# SSDs, fsck and FreeBSD 11.*



## Johnny2Bad (May 29, 2017)

I briefly looked at the net for information about SSDs (Solid State Drives) and freeBSD and found only confusing articles on the subject. Obviously it is not the fault of the authors it's just that I am not well versed on hardware.

Anyway I decided to put my queries here as I have a project on hand and I always like the friendly nature of the freeBSD community. I am upgrading my server to contain an SSD and I have never played with these things on freeBSD.

The SSD in question is 120G in size and I want to know a couple of things before I proceed. Like is `fsck` still good to go with this hardware, and if so how should you use it?

Are SSDs easy to do a fresh install on? I would like to go with the latest release version of freeBSD 11.*.

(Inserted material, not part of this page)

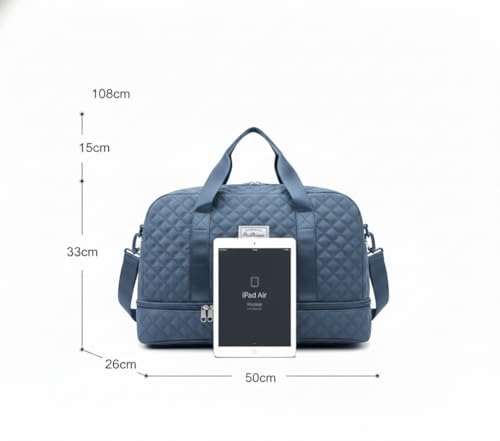 Image of WILDHORN 37 litres Nylon Travel Duffle Bag for Men & Women | 49 cm Weekender Gym Bag with Back Zipper Pocket & Trolley Strap | Overnight Cabin Luggage Shoulder Bag (Slate Blue)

Because SSDs don't store that much data for the buck I want to have another drive attached as well this time a 1TB HD. How do I go about changing the mount point for /usr/home from being on the main drive (SSD) to the HD instead? I would normally have the whole HD partitioned to contain samba shares etc but I worry about disk space with home drives and particullarly the /var/log directory (where my favourite file messages is as I love to watch people/bots try and hack the box, `whois` is such a cool command).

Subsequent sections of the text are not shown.